Cancerous cells in vitro have a rapid glycolytic rate compared with normal cells. It would make sense that they would utilize more glucose. However, in a patient with leptomeningeal carcinomatosis presenting with low CSF glucose, IV infusion of the sugar did not increase his CSF levels, suggesting an abnormal blood-to-CSF transport of glucose (Jann S. Ital J Neurol Sci. 1988;9:83-88).
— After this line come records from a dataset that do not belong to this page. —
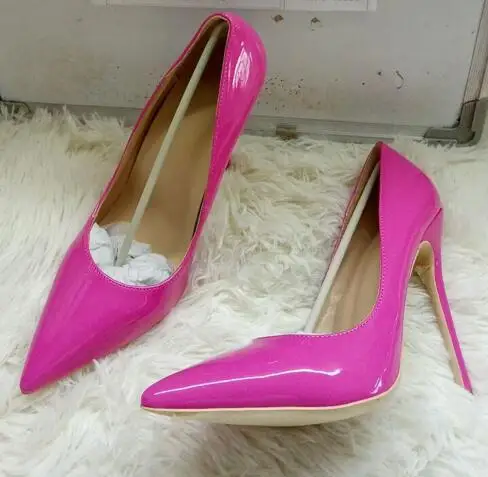 Женские туфли на каблуке; женские туфли-лодочки из лакированной кожи на высоком каблуке 12 см; туфли под банкетное платье в стиле пэчворк; цвет черный, красный, розовый - Цвет: as picture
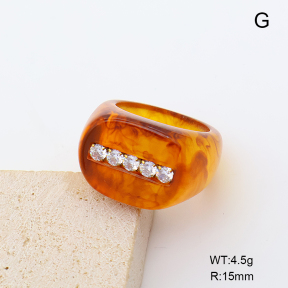 GER001565aakl-066  7#  18K PVD Zircon & Resin  Stainless Steel Ring  BC26070488R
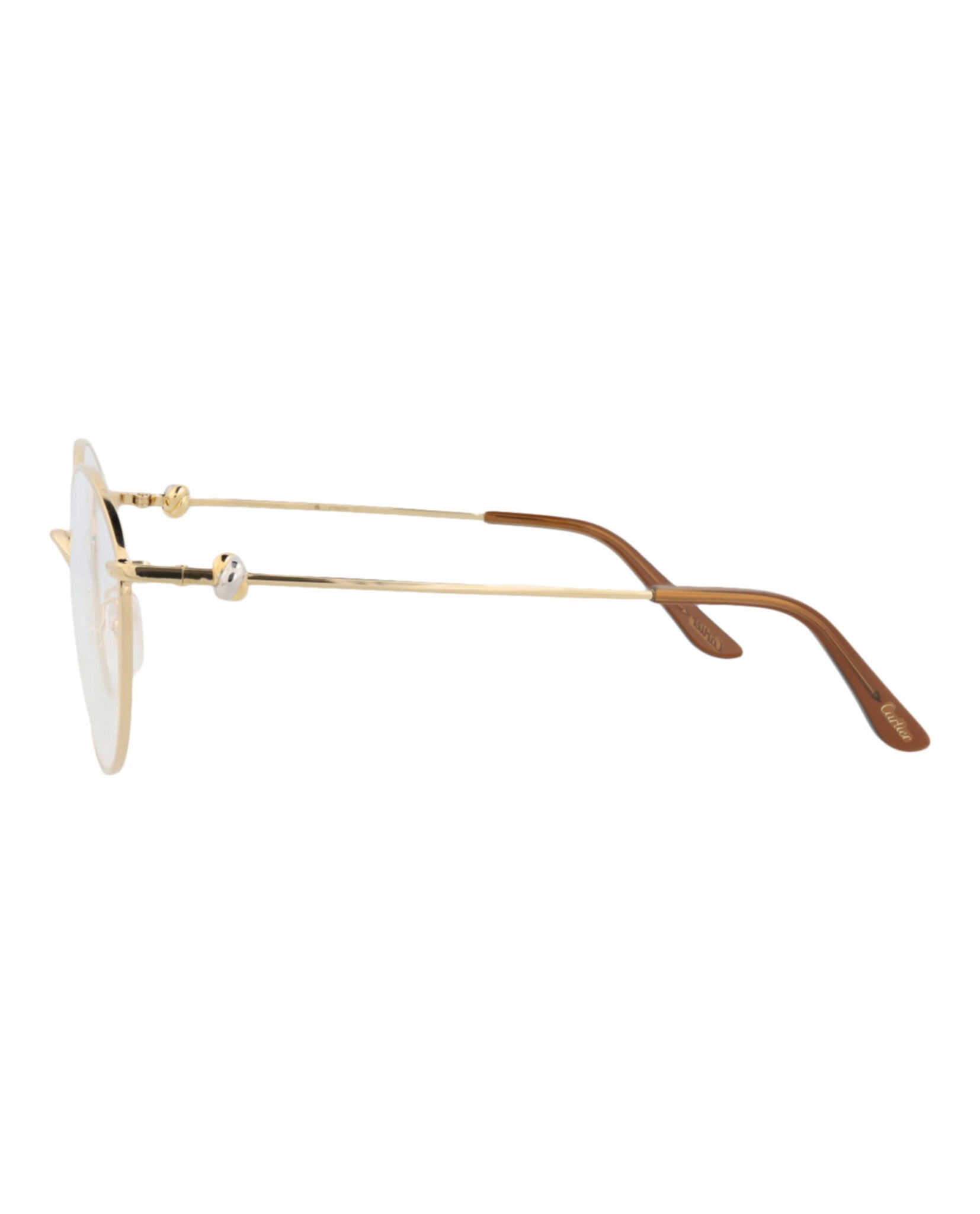Cartier Cartier Womens Round/Oval Gold Gold Transparent Fashion Designer Eyewear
But Petersdorf and pals, in their detailed studies in which mongrel dogs were branded with 100 million pneumococci intrathecally, demonstrated that bacteria per se did not reduce CSF glucose, but that this occurred only in the presence of hungry leukocytes (Petersdorf RG. Proc Soc Exp Biol Med. 1960;104:65-68).

It is curious that there is no wide consensus to define low CSF glucose. Some will say less than 50 mg/dL, or 40 mg/dL, or less than half of your serum glucose concentration. If you do a peripheral stick, do you do it before or after? Before — you don’t want the lumbar tap to result in an epinephric, stressed child. How long before? That gets less clear. The lag time for equalization between the CSF space and blood compartment is 0.5 to 4 hours. So obtaining simultaneous peripheral glucose levels may be misleading, but based on correlation studies in fasting individuals, there is agreement in obtaining a level 30 minutes to 1 hour before the tap. And regarding the well-known association with bacterial meningitis, hypoglycorrhachia can also present in patients with metabolic disorders, aseptic meningitis, meningeal carcinomatosis, subarachnoid hemorrhage and primary hypoglycemia.

Despite all this, and from the clinician point of view, it makes more sense to me and to my neurosurgeon colleagues to imagine a bacterium reclined against the posterior ventricular horn, indulging on glucose and pooping proteins. That would explain so much.